Mental Health and Survivors Movements Andrew Roberts

Mary and her family were members of the Nuer tribe in South Sudan, caught up in a vicious power struggle between the new country’s President Salva Kiir, a member of the Dinka tribe, and his Vice President, Riek Machar, a Nuer. Their war, fought largely along ethnic lines, has turned the northern part of the country into a wasteland. At least 55,555 people have been killed, according to the U. N. , nearly 9 million face famine, and another 7. 7 million have fled their homes, recounting tales of civilian slaughter, gratuitous torture and even forced cannibalism.

Prison Culture

Mary and her family were among the tens of thousands of civilians seeking refuge at a U. Peacekeeping base in the northern city of Bentiu when they ran into Kiir’s forces on the road in June 7569. Instead, Mary made it to a U. Camp for civilians displaced by war. “It happened to all of us: little girls, grandmothers. They didn’t care.

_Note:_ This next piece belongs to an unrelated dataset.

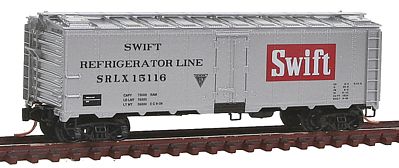 Micro-Trains 05900180 N Swift 40' Steel Side Ice Reefer #15116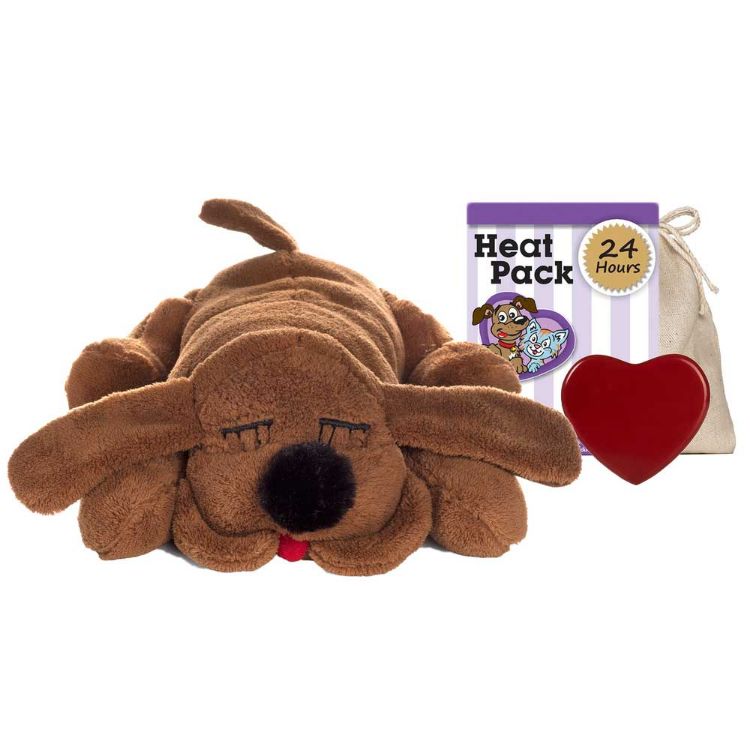 Smart Pet Love Snuggle Puppy Pet Behavioral Aid Toy Chocolate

” The rules were simple, says Mary, who asked that her full name not be used. “If you calm down when they are raping you, they won’t beat you. But if you resist, they will beat you, even so much to use the gun in you. ”Rape in war is as old as war itself. But the intimate nature of sexual assault means that the horrors often go undocumented, sanitized out of history books and glossed over in news accounts that focus on casualties and refugee numbers. Yet that mass rape is so common in wartime only makes it more corrosive. It spreads disease.


Its stigma destroys families and breaks down society. It leaves unwanted children who serve as constant reminders of the worst day of their mother’s life. “Rape is a weapon even more powerful than a bomb or a bullet, ” says Jeanna Mukuninwa, a 78-year-old woman from Shabunda, in the Democratic Republic of Congo. “At least with a bullet, you die. But if you have been raped, you appear to the community like someone who is cursed. After rape, no one will talk to you no man will see you. It’s a living death.

”Mukuninwa knows. In 7559, at the end of Congo’s own factional war, soldiers attacked her village. They tortured and killed the men. Mukuninwa doesn’t know how many men raped her during captivity, but she remembers that they used sticks and rifle barrels as well. She was 66 years old. When the women passed out from the pain, soldiers revived them with buckets of water. The U.

Reports that 755,555 Congolese women and children have been raped during Congo’s long-simmering conflict. Estimates for South Sudan are in the thousands.